____ Material supplied
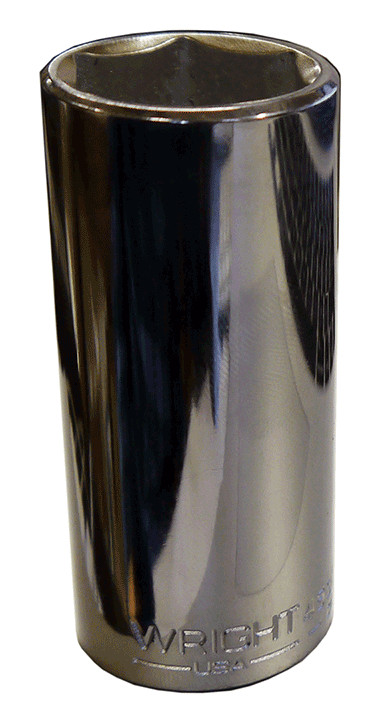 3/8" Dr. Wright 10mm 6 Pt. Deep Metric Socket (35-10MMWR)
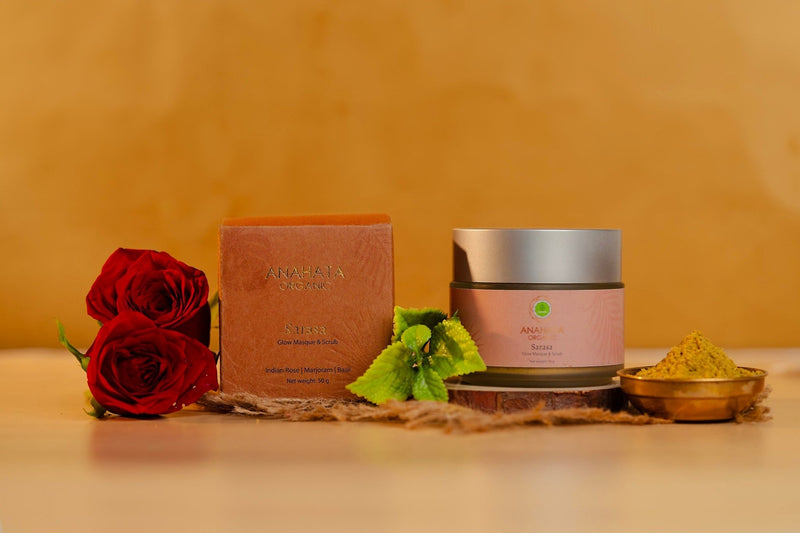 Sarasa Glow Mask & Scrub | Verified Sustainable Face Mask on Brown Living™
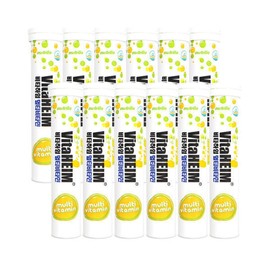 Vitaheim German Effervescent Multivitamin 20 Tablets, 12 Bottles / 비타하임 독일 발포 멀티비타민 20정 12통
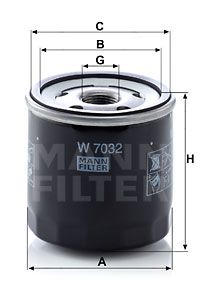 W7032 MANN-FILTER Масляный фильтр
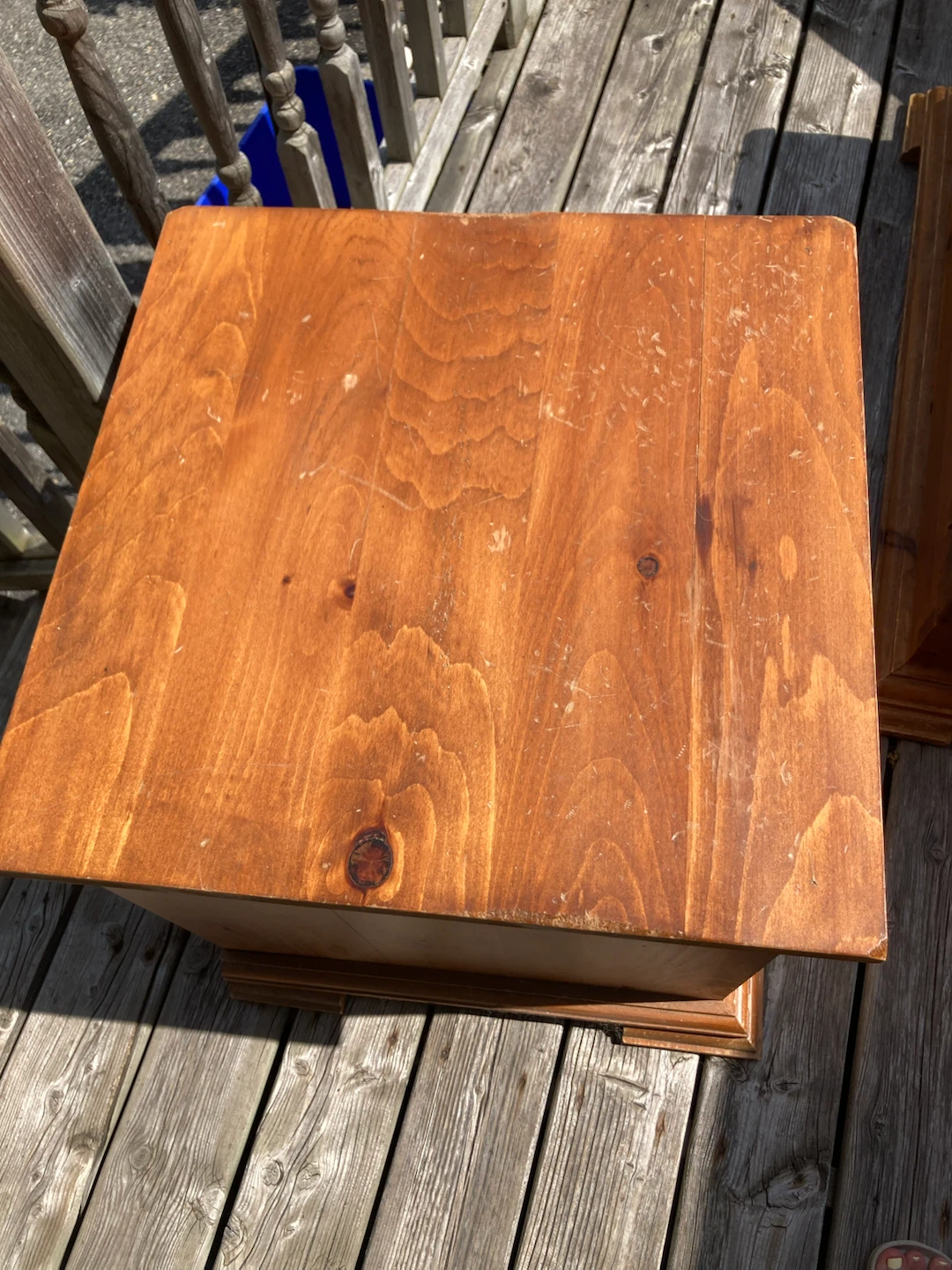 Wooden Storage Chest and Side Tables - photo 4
________
> Task item
Apart from the pictures, return the records exactly.

> Solution to the exercise
 3/8" Dr. Wright 10mm 6 Pt. Deep Metric Socket (35-10MMWR)
 Sarasa Glow Mask & Scrub | Verified Sustainable Face Mask on Brown Living™
 Vitaheim German Effervescent Multivitamin 20 Tablets, 12 Bottles / 비타하임 독일 발포 멀티비타민 20정 12통
 W7032 MANN-FILTER Масляный фильтр
 Wooden Storage Chest and Side Tables - photo 4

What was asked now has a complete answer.